There is no suggestion, though, that Schmidt has that kind of material at his disposal in Australia, or anything remotely like it. Under Jones, in 2023, Australia won just two games out of nine, both against tier two nations, Portugal and Georgia.
When Schmidt named his first training squad in July there were more debutants than at any time in the professional era. He also named Australia’s seventh different captain in the previous 12 months. That degree of flux is tantamount to chaos.
When they played Wales recently there were just five survivors from their World Cup meeting last autumn. Australia won both Tests on Wales’ short tour, but Welsh rugby is the other basket case among the tier one nations. In old money, this was the meeting of tuppence and tuppence ha’penny.
In his last five coaching roles – with Clermont Auvergne, Leinster, Ireland, Blues and New Zealand – Schmidt knew that material existed to create success. In Australia, clearly, the opposite is true. With great coaches you always wonder where the tipping points are. What portion of a team’s success can be attributed to them; what portion is attributable to the players in their dressingroom?
That separation may be impossible – like trying to recover milk from your tea – but it never stopped people from speculating. It was often said of Mick O’Dwyer and Brian Cody, for example, “that anybody would have won All-Irelands with those players”. In both cases, such a claim was fatuous.
O’Dwyer and Cody were both innovators, in different ways, and altered the landscape of their sports. Managing talented players is a skill too. In O’Dwyer’s case, though, his nomadic existence as a coach took him to other dressingrooms where great players were scarce or non-existent and you could argue that what he achieved in Kildare and Laois, and to some extent Wicklow, franked his greatness almost as much as everything he did with Kerry.
Carlo Ancelotti’s strange interlude with Everton in an interesting test case too. He arrived midway through the 2019-20 season and left at the end of the following season. At one point in his second campaign Everton were fourth in the table, but they finished in 10th, having ended the previous season in 12th.
By unflattering comparison his direct predecessors in the job – Marco Silva and Sam Allardyce – had both steered Everton to league finishes in the top half of the table. Ancelotti’s overall win-rate, though, in all competitions, was better than any permanent Everton manager since the glory days of Howard Kendall in the mid-1980s.

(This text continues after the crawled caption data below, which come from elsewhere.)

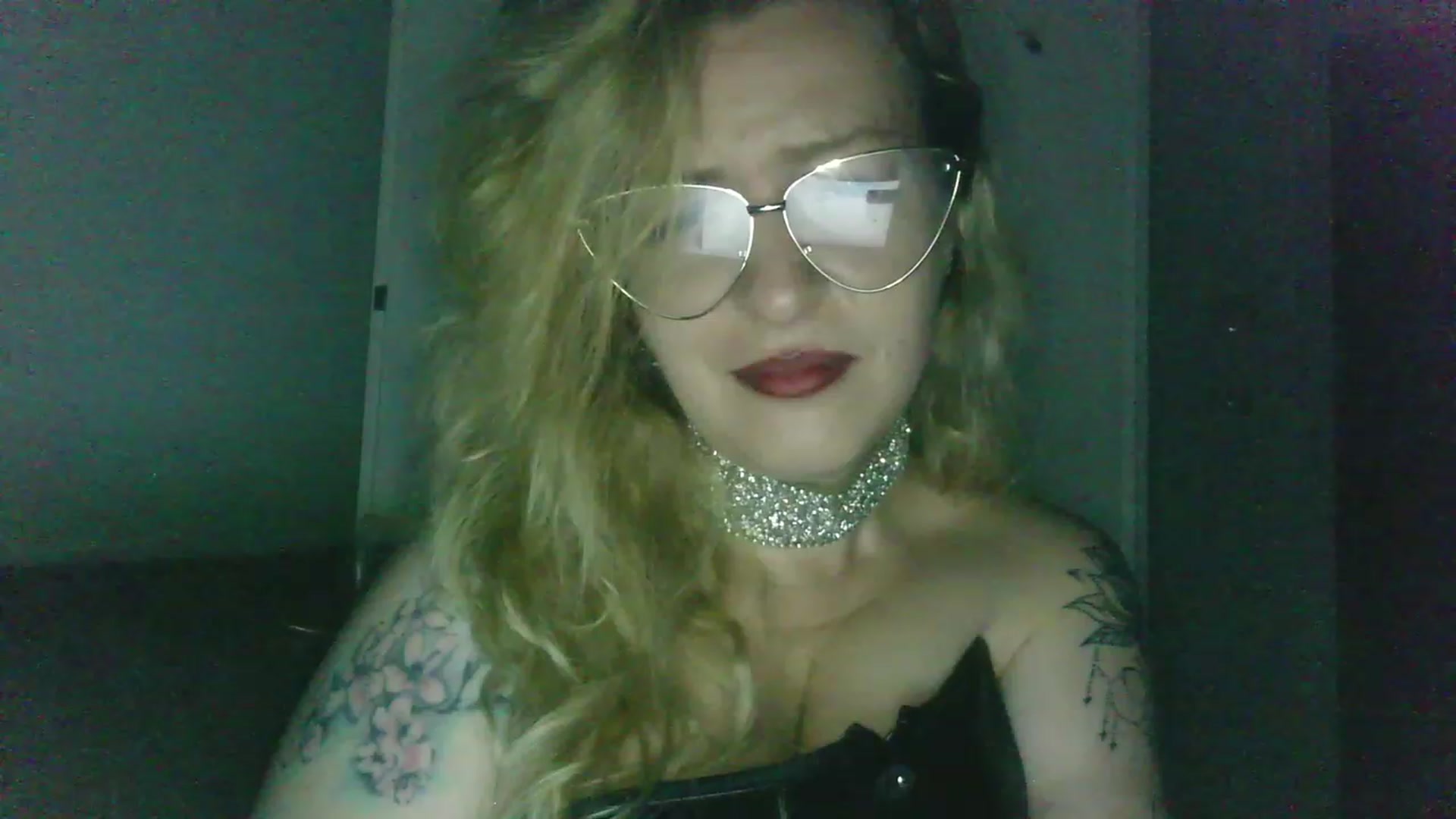 Gallery image thumbnail from ScorpioV's myfreecams stream on, 05/23/2023, 23:31 image 14 of 20
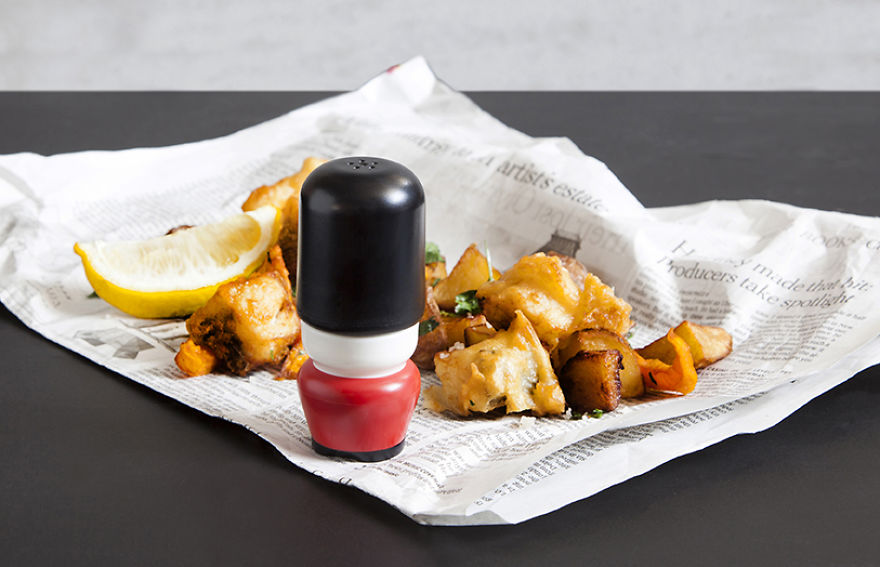 This Salt And Pepper Shaker Will Guard Your Plate!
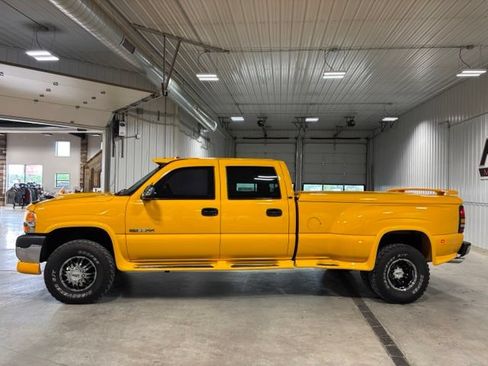 Used 2001 GMC Sierra 3500 4x4 Crew Cab w/ Off-Road Skid Plate Pkg image 1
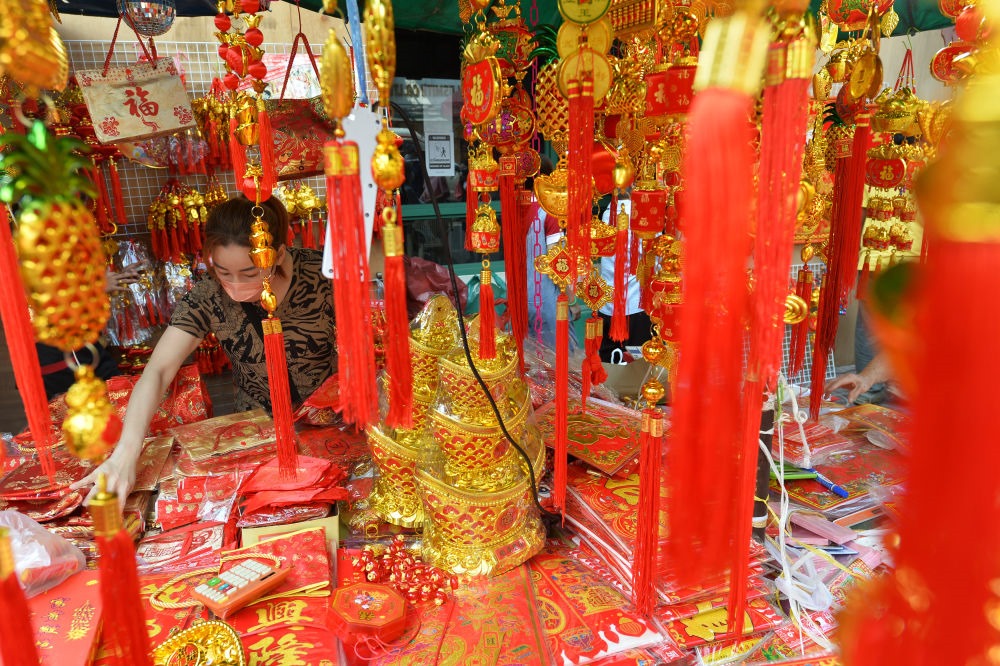 一名商販在泰國曼谷唐人街的攤位上擺放春節(jié)飾品。新華社發(fā)（拉亨攝）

Ancelotti’s greatness as a manager doesn’t require any witness testimony from Everton – among a career haul of 29 major trophies he has the won league titles in five different countries and five Champions League titles, a unique distinction.
But Everton showed another side to his talent. Ancelotti’s special power is managing dressingrooms full of great players and outsized egos. At Everton, he didn’t face that challenge.
South Africa made 10 changes for their second Rugby Championship match against Australia on Saturday and still won by 18 points. Australia stayed in the game for longer but in the pelting rain weaknesses in their basic skills were exposed again. This is a team that needs the shelter of good structure and sound fundamentals. Schmidt has demonstrated repeatedly that he can provide that service.
Can he improve them in time to rescue what promises to be a farcical Lions tour next summer? This is the biggest challenge of his career.